IGN: Was Mr Kozuki’s presence a major factor for you, then?

Kojima: I even have Mr. Kozuki to thank for me being able to create here at Kojima Productions. 9/11 took place in 2001 right before the release of Metal Gear Solid 2. We’d just sent off the master, but the game featured both the World Trade Center and the Pentagon. It seemed impossible to release the game. I was called to the board of directors and they all turned pale when I explained the situation. Nobody would tell me what to do, with the exception of Mr. Kozuki, who tackled the issue.

As I thought about what to do, I went to speak with Mr. Kozuki about possibly quitting the company. That’s when he told me: ‘When this game comes out and society has their say about it, they’ll be talking about you, its creator, and me, the person who sold it. I doubt they’ll say anything about anyone else. What will you do? I’m ready for whatever happens.’

When I heard how far he was willing to go, I made the firm decision that we’d release it together. The rest is history.

I become completely exhausted, and I always end up in an awful state when I finish making a game. After the first Metal Gear Solid, even after it was done I wasn’t recovering at all and ended up being passed from one hospital to the next. Mr. Kozuki was the only one who worried about me then. Looking back, I feel like he showed more concern for me than anyone whenever I was having trouble.

IGN: Your style of promoting, producing and creating games on your own seems like something born from the people you met at Konami and your time at the company.

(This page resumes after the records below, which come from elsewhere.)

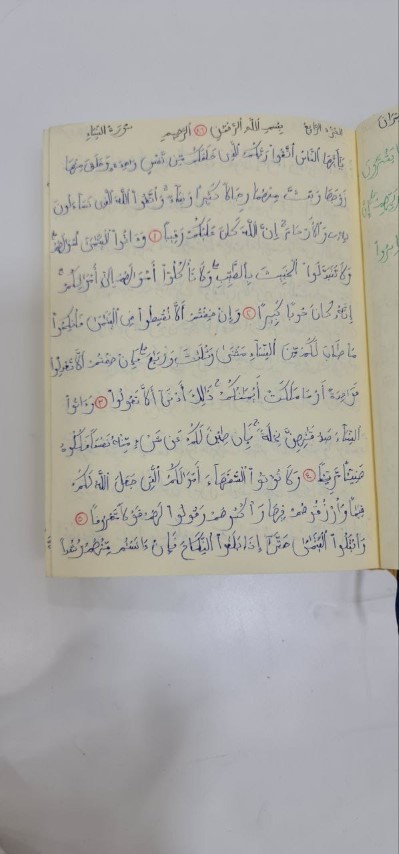 أردني أتم كتابة القرآن بخط يده - صور وفيديو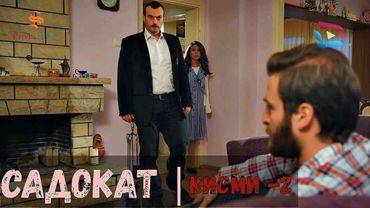 САДОКАТ кисми 2 | СЕЗОН 1-ум | سریال گروه ویژه دوبله فارسی قسمت 2 -
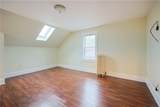 200 Woodward Avenue - Photo 10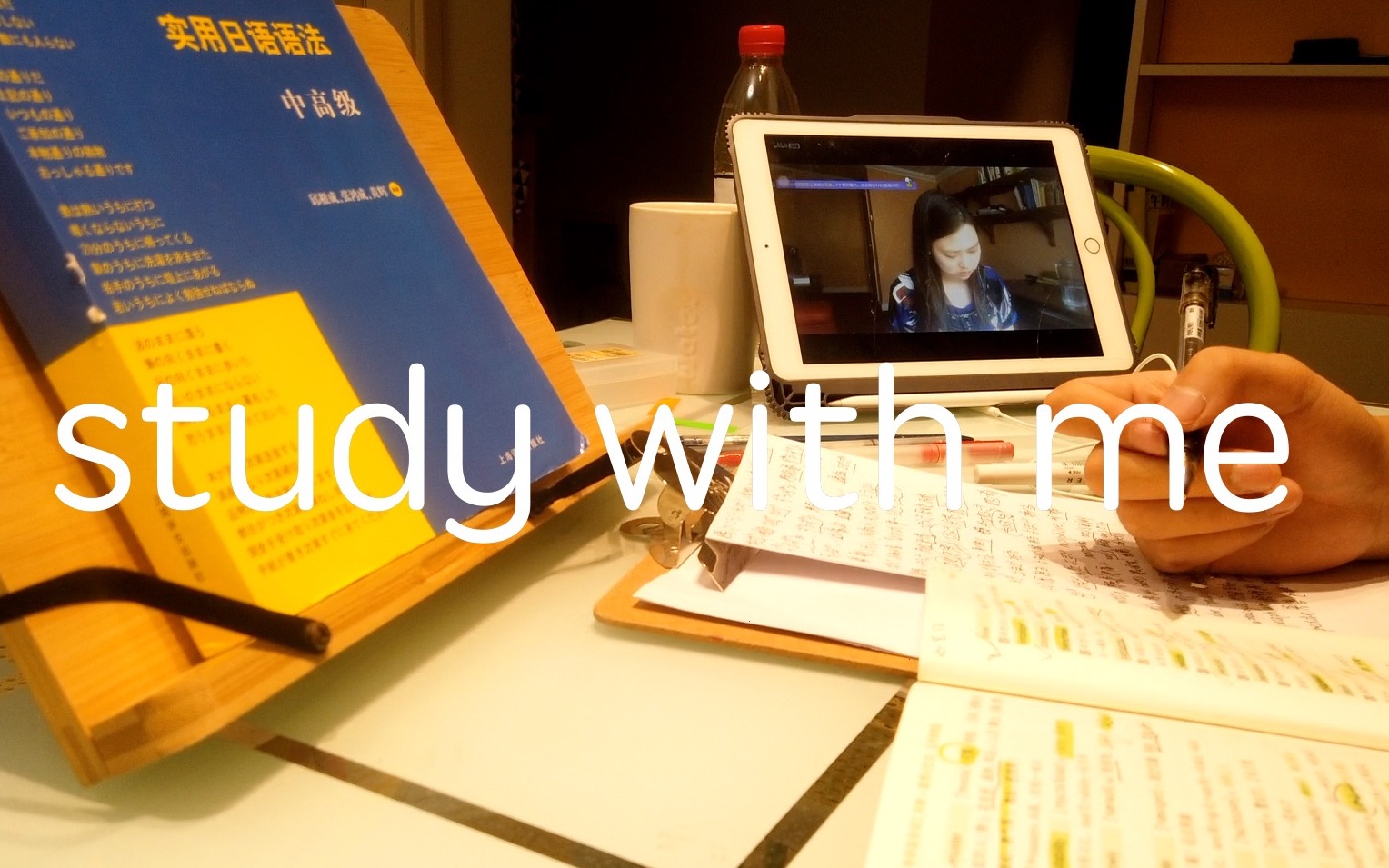 studywithme|和俺一起学习吧“圣人是做工作的庸人,庸人是不肯做工夫的圣人”哔哩哔哩bilibili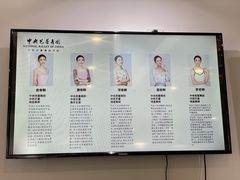 -中央芭蕾舞团·中芭艺蕾(酒仙桥明星校区)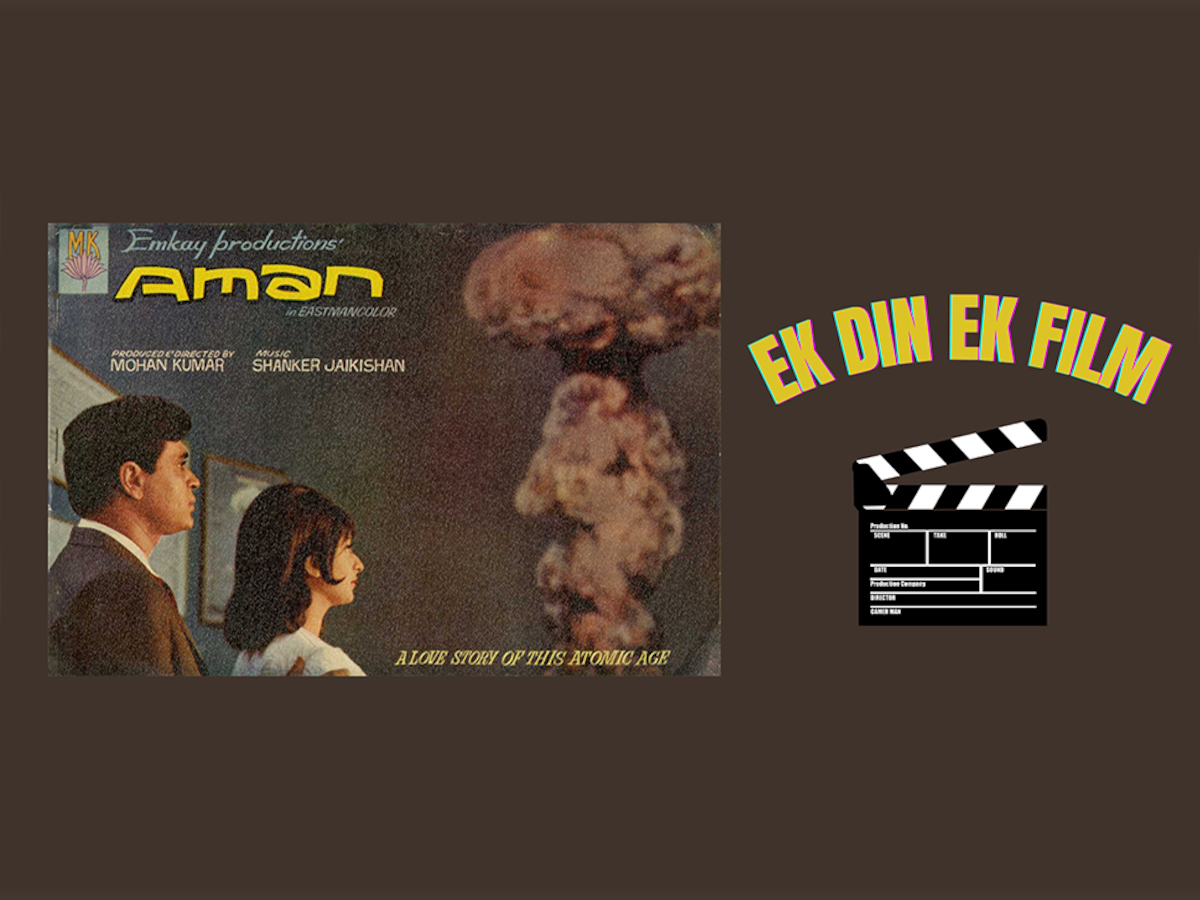 Ek Din Ek Film: इस बॉलीवुड फिल्म ने याद किया था हिरोशिमा-नागासाकी को, दुनिया को दिया अमन का संदेश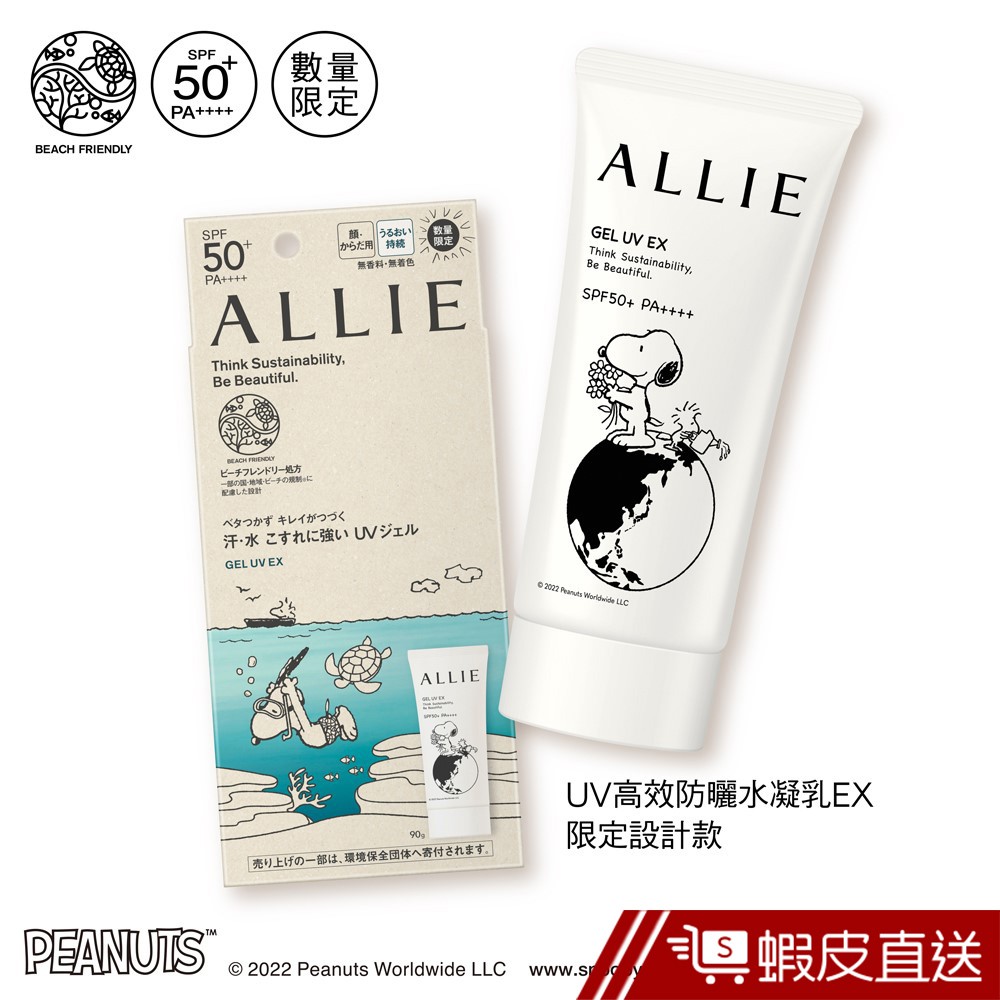 ALLIE 持采UV高效防曬水凝乳EX 限定設計款  現貨 蝦皮直送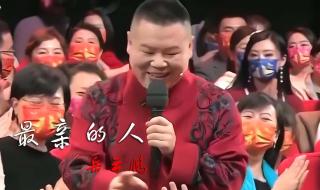 岳云鹏2021春晚歌曲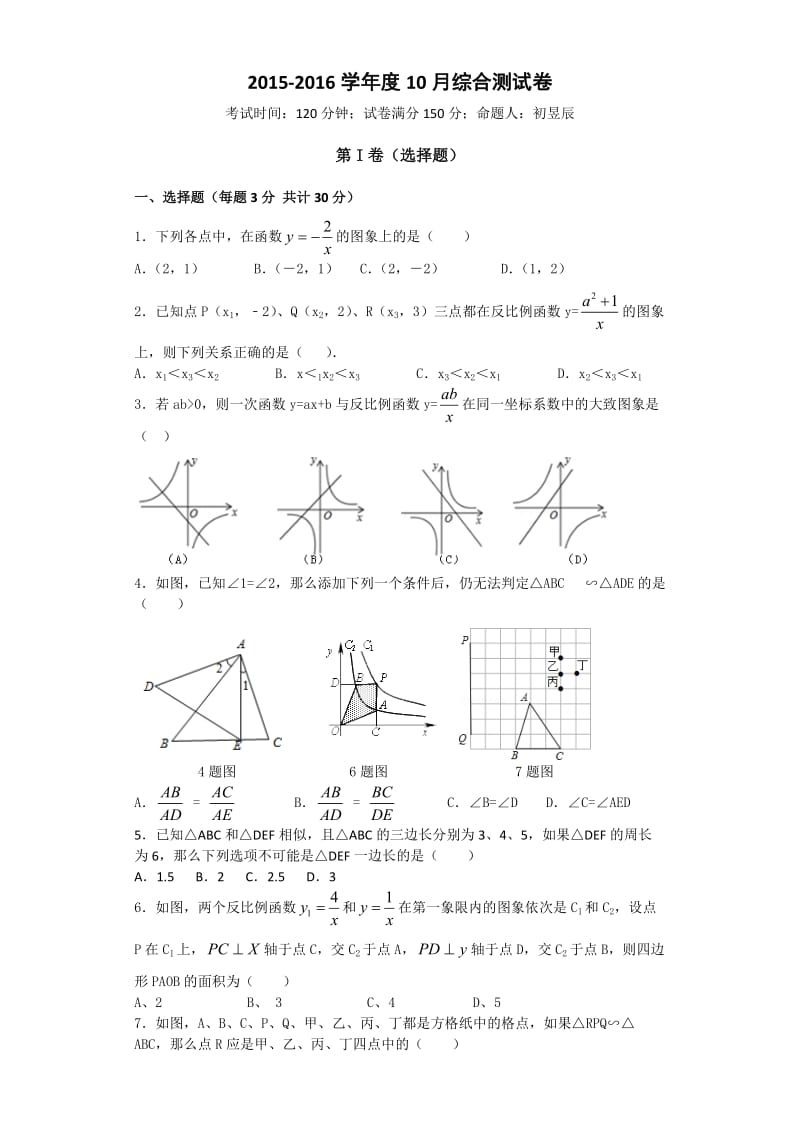 辽宁省营口市2015-2016学年九年级数学10月月考试卷及答案.doc_第1页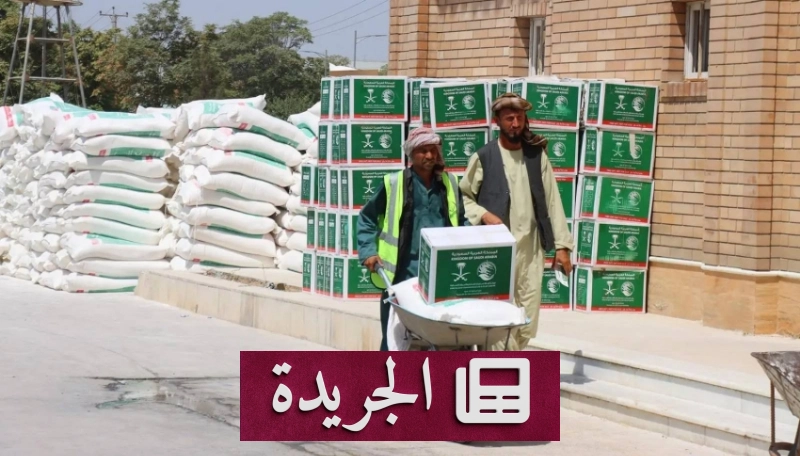 مركز الملك سلمان يواصل جهود الإغاثة لأفغانستان - آخر الأخبار - الجريدة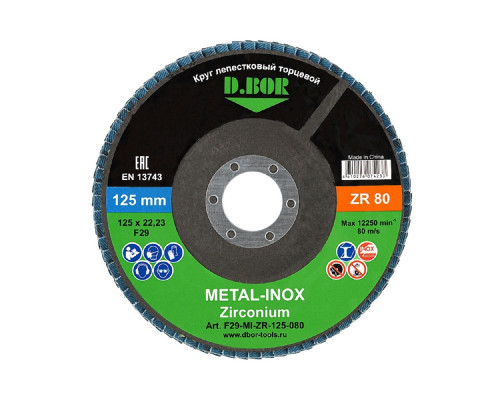 Круг лепестковый D.BOR METAL-INOX ZR80P, F29, 125х22,23 торцевой D-F29-MI-ZR-125-080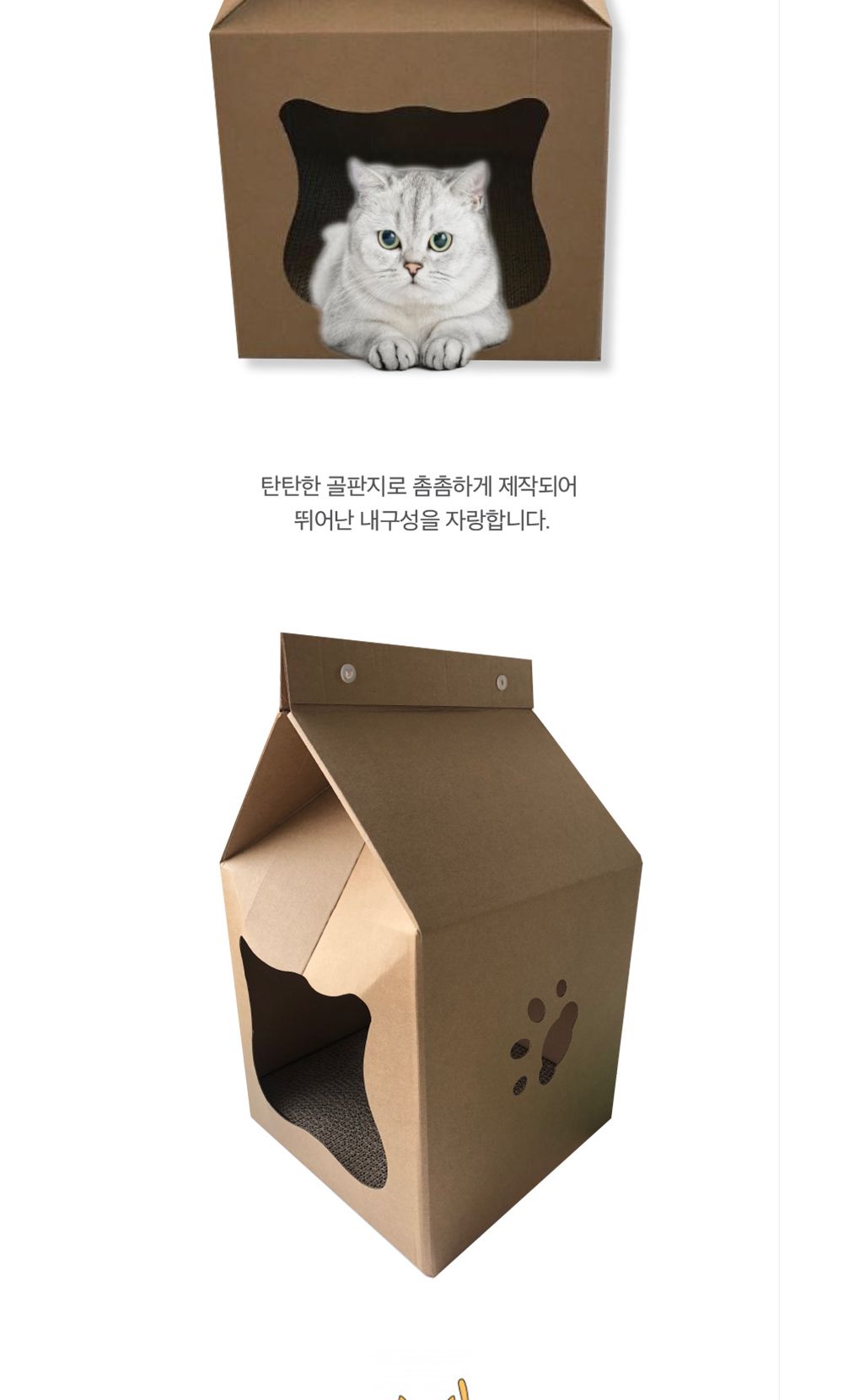 고양이 스크래쳐 우유팩 숨숨집 하우스 상자 스크래처/우유팩스크래쳐/우유상자스크래처/박스형스크래쳐/스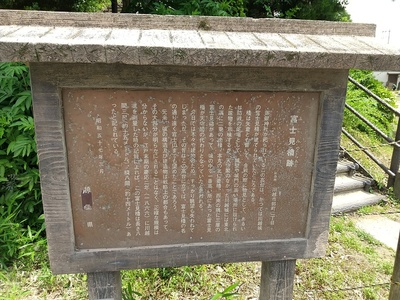 南側富士見櫓の説明看板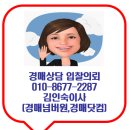 폐기물처리시설 삼거리 이미지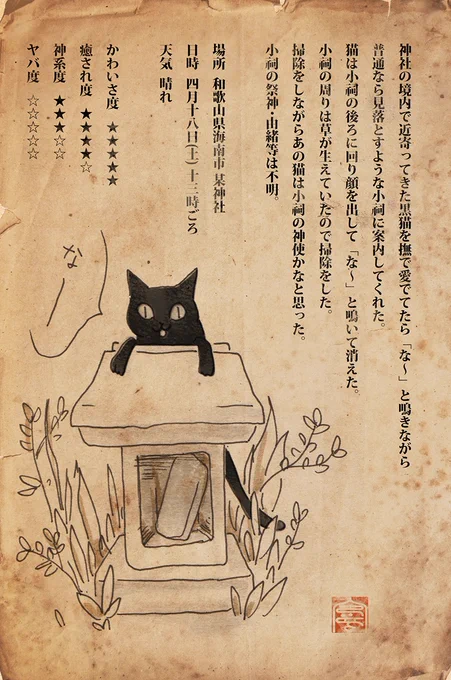 「妄想妖怪絵日記」

アレルギーがなければニャンコのお腹をこねくり回したい 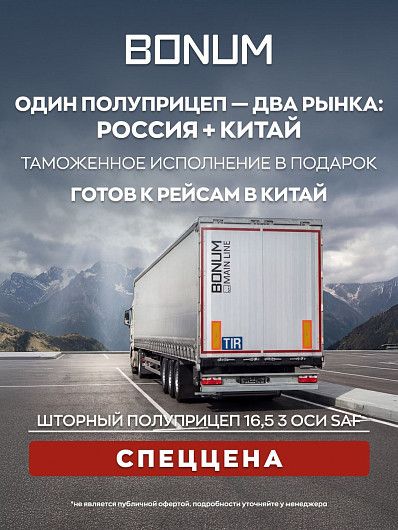 Готов к рейсам в Китай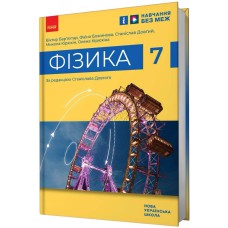 НУШ 7 кл. Фізика. Підручник (Укр) Бар’яхтар В.Г. та ін.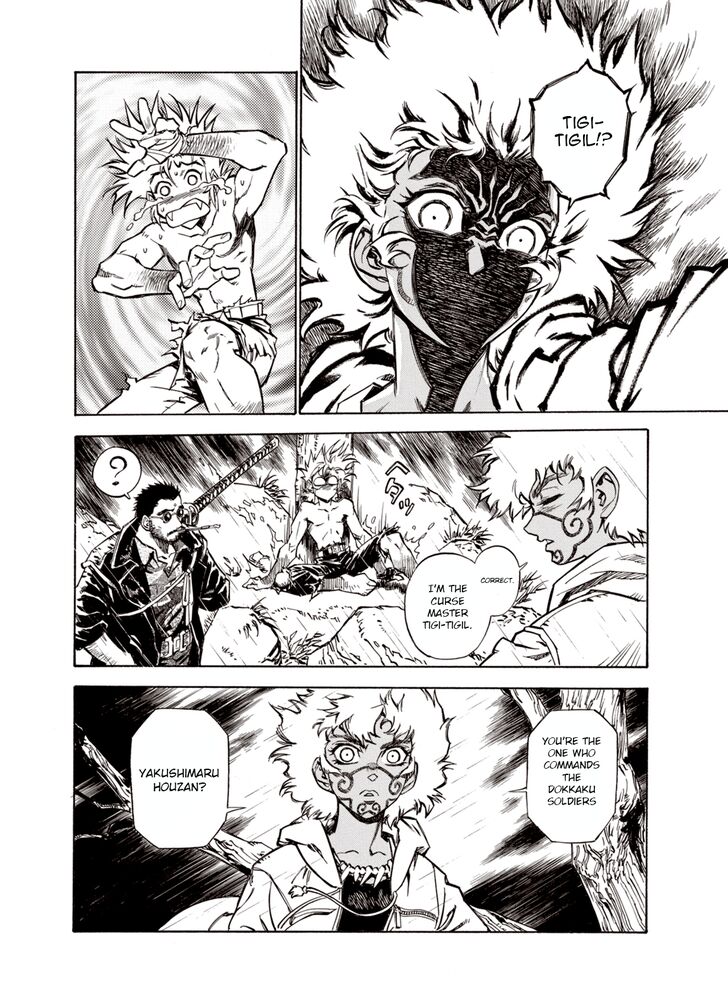 Page 18 of Chapter 31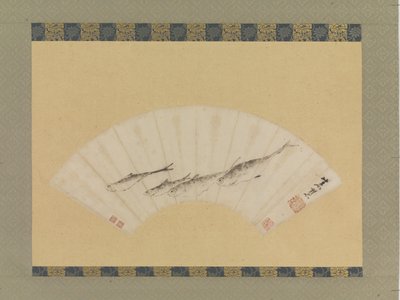Vier vissen, ca. 1670 door Shihui Niu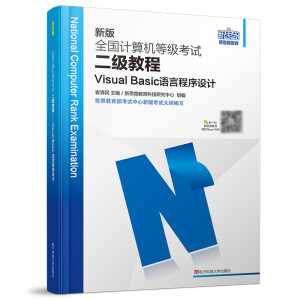 ��˼·2018��ȫ��(gu��)Ӌ(j��)��C(j��)�ȼ�(j��)��ԇ����(j��)�̳̣�VisualBasic�Z(y��)�Գ����O(sh��)Ӌ(j��)�����°棩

Kojima: In my experience, I always end up telling creators I meet to be their own producer. You can’t make what you want otherwise. Directors I know in the film business, such as Nicholas Winding Refn and Guillermo del Toro, they both produce their own movies. Yes, you should of course find a good producer who understands your proposals, but it’s not that easy. When I create in particular, I think it’s best for me to manage the business side of things too, including promotion. I think there aren’t many people like that in the Japanese games industry these days, although I’d say Mr. Miyazaki [of FromSoftware] is out there working hard.

Of course, my company will get bloated if I tried to do sales on my own too, so I’m not able to expand into publishing, and I have no intentions of doing so. In that sense, I think Kojima Productions is an indie studio that focuses on creating things.

IGN: You appeared in front of a public audience for the first time in three years a little while ago at TGA. How did you feel then?

Kojima: It was a spectacular experience. After three years of being behind a screen, unable to see the audience’s reaction directly, getting to go there myself and interact with people I hadn’t seen for that long made me think that maybe this is what humans were meant to do.

The internet is convenient, of course, but breathing the same air, seeing the same things in the same places, and sharing the same emotions really is something important to me. It was the first time in three years I got to meet Geoff Keighley in person, too. He was exhausted, though, since it seems he hadn’t slept for about three days getting ready for TGA.